Try it:
Down to the final line, reproduce the entries that follow exactly.
[Input for this task]
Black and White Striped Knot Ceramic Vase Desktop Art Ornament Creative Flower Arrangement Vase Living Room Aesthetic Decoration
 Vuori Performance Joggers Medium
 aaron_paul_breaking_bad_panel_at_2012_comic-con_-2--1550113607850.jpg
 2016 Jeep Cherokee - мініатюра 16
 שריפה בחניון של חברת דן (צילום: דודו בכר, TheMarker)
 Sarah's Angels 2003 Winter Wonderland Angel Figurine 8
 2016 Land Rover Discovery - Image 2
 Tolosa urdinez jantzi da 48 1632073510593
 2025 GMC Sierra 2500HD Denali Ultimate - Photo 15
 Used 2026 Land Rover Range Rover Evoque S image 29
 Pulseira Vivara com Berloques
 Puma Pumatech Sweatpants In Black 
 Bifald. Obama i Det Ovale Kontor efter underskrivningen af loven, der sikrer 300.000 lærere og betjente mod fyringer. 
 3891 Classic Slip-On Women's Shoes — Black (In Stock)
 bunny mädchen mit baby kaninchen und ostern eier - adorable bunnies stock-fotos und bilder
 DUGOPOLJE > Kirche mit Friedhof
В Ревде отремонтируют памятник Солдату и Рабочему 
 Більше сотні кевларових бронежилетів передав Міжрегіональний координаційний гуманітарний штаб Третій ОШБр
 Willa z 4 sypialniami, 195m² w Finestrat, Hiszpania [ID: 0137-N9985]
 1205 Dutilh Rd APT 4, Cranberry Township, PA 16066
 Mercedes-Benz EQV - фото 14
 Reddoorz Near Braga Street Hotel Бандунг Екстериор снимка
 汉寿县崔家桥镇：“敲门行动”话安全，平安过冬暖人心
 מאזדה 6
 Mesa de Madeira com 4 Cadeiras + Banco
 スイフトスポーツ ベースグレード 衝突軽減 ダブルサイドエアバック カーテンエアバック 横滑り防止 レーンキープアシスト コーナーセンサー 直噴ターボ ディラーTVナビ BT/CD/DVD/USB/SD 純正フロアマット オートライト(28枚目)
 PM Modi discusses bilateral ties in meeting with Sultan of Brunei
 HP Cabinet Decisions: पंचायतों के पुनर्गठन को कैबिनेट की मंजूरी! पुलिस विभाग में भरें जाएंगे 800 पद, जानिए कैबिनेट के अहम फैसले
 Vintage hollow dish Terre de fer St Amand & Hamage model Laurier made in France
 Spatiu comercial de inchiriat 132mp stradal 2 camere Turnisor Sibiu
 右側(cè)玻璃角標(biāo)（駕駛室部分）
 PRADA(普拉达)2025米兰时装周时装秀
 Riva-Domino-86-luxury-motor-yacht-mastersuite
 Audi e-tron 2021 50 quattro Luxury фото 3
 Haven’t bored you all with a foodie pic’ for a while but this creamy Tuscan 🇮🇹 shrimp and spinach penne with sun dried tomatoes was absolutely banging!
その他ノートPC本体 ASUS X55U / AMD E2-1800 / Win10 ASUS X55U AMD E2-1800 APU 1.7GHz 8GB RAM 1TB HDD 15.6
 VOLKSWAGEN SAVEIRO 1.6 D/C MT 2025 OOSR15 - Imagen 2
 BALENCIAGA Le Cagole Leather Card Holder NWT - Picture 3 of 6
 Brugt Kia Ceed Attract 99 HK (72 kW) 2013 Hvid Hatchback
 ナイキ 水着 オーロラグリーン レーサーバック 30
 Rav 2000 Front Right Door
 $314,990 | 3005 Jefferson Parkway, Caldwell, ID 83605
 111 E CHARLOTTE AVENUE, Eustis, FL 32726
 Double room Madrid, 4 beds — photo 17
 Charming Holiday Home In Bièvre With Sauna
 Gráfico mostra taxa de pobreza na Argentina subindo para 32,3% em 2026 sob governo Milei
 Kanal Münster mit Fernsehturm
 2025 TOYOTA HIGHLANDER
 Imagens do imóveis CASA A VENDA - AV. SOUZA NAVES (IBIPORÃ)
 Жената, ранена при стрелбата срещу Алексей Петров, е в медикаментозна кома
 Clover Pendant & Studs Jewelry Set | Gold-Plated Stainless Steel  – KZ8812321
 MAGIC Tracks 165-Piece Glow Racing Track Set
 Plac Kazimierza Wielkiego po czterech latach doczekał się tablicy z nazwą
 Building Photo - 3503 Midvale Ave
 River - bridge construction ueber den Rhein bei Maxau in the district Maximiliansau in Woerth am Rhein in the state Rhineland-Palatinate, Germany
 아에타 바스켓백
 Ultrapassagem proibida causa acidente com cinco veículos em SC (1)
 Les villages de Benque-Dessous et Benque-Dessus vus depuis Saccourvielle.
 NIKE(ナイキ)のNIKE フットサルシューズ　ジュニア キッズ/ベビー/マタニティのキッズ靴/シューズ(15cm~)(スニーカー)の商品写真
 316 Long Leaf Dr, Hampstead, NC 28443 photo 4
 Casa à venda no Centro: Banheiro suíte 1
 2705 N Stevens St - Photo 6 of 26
[/Input for this task]
Result for this task:
Black and White Striped Knot Ceramic Vase Desktop Art Ornament Creative Flower Arrangement Vase Living Room Aesthetic Decoration
 Vuori Performance Joggers Medium
 aaron_paul_breaking_bad_panel_at_2012_comic-con_-2--1550113607850.jpg
 2016 Jeep Cherokee - мініатюра 16
 שריפה בחניון של חברת דן (צילום: דודו בכר, TheMarker)
 Sarah's Angels 2003 Winter Wonderland Angel Figurine 8
 2016 Land Rover Discovery - Image 2
 Tolosa urdinez jantzi da 48 1632073510593
 2025 GMC Sierra 2500HD Denali Ultimate - Photo 15
 Used 2026 Land Rover Range Rover Evoque S image 29
 Pulseira Vivara com Berloques
 Puma Pumatech Sweatpants In Black 
 Bifald. Obama i Det Ovale Kontor efter underskrivningen af loven, der sikrer 300.000 lærere og betjente mod fyringer. 
 3891 Classic Slip-On Women's Shoes — Black (In Stock)
 bunny mädchen mit baby kaninchen und ostern eier - adorable bunnies stock-fotos und bilder
 DUGOPOLJE > Kirche mit Friedhof
В Ревде отремонтируют памятник Солдату и Рабочему 
 Більше сотні кевларових бронежилетів передав Міжрегіональний координаційний гуманітарний штаб Третій ОШБр
 Willa z 4 sypialniami, 195m² w Finestrat, Hiszpania [ID: 0137-N9985]
 1205 Dutilh Rd APT 4, Cranberry Township, PA 16066
 Mercedes-Benz EQV - фото 14
 Reddoorz Near Braga Street Hotel Бандунг Екстериор снимка
 汉寿县崔家桥镇：“敲门行动”话安全，平安过冬暖人心
 מאזדה 6
 Mesa de Madeira com 4 Cadeiras + Banco
 スイフトスポーツ ベースグレード 衝突軽減 ダブルサイドエアバック カーテンエアバック 横滑り防止 レーンキープアシスト コーナーセンサー 直噴ターボ ディラーTVナビ BT/CD/DVD/USB/SD 純正フロアマット オートライト(28枚目)
 PM Modi discusses bilateral ties in meeting with Sultan of Brunei
 HP Cabinet Decisions: पंचायतों के पुनर्गठन को कैबिनेट की मंजूरी! पुलिस विभाग में भरें जाएंगे 800 पद, जानिए कैबिनेट के अहम फैसले
 Vintage hollow dish Terre de fer St Amand & Hamage model Laurier made in France
 Spatiu comercial de inchiriat 132mp stradal 2 camere Turnisor Sibiu
 右側(cè)玻璃角標(biāo)（駕駛室部分）
 PRADA(普拉达)2025米兰时装周时装秀
 Riva-Domino-86-luxury-motor-yacht-mastersuite
 Audi e-tron 2021 50 quattro Luxury фото 3
 Haven’t bored you all with a foodie pic’ for a while but this creamy Tuscan 🇮🇹 shrimp and spinach penne with sun dried tomatoes was absolutely banging!
その他ノートPC本体 ASUS X55U / AMD E2-1800 / Win10 ASUS X55U AMD E2-1800 APU 1.7GHz 8GB RAM 1TB HDD 15.6
 VOLKSWAGEN SAVEIRO 1.6 D/C MT 2025 OOSR15 - Imagen 2
 BALENCIAGA Le Cagole Leather Card Holder NWT - Picture 3 of 6
 Brugt Kia Ceed Attract 99 HK (72 kW) 2013 Hvid Hatchback
 ナイキ 水着 オーロラグリーン レーサーバック 30
 Rav 2000 Front Right Door
 $314,990 | 3005 Jefferson Parkway, Caldwell, ID 83605
 111 E CHARLOTTE AVENUE, Eustis, FL 32726
 Double room Madrid, 4 beds — photo 17
 Charming Holiday Home In Bièvre With Sauna
 Gráfico mostra taxa de pobreza na Argentina subindo para 32,3% em 2026 sob governo Milei
 Kanal Münster mit Fernsehturm
 2025 TOYOTA HIGHLANDER
 Imagens do imóveis CASA A VENDA - AV. SOUZA NAVES (IBIPORÃ)
 Жената, ранена при стрелбата срещу Алексей Петров, е в медикаментозна кома
 Clover Pendant & Studs Jewelry Set | Gold-Plated Stainless Steel  – KZ8812321
 MAGIC Tracks 165-Piece Glow Racing Track Set
 Plac Kazimierza Wielkiego po czterech latach doczekał się tablicy z nazwą
 Building Photo - 3503 Midvale Ave
 River - bridge construction ueber den Rhein bei Maxau in the district Maximiliansau in Woerth am Rhein in the state Rhineland-Palatinate, Germany
 아에타 바스켓백
 Ultrapassagem proibida causa acidente com cinco veículos em SC (1)
 Les villages de Benque-Dessous et Benque-Dessus vus depuis Saccourvielle.
 NIKE(ナイキ)のNIKE フットサルシューズ　ジュニア キッズ/ベビー/マタニティのキッズ靴/シューズ(15cm~)(スニーカー)の商品写真
 316 Long Leaf Dr, Hampstead, NC 28443 photo 4
 Casa à venda no Centro: Banheiro suíte 1
 2705 N Stevens St - Photo 6 of 26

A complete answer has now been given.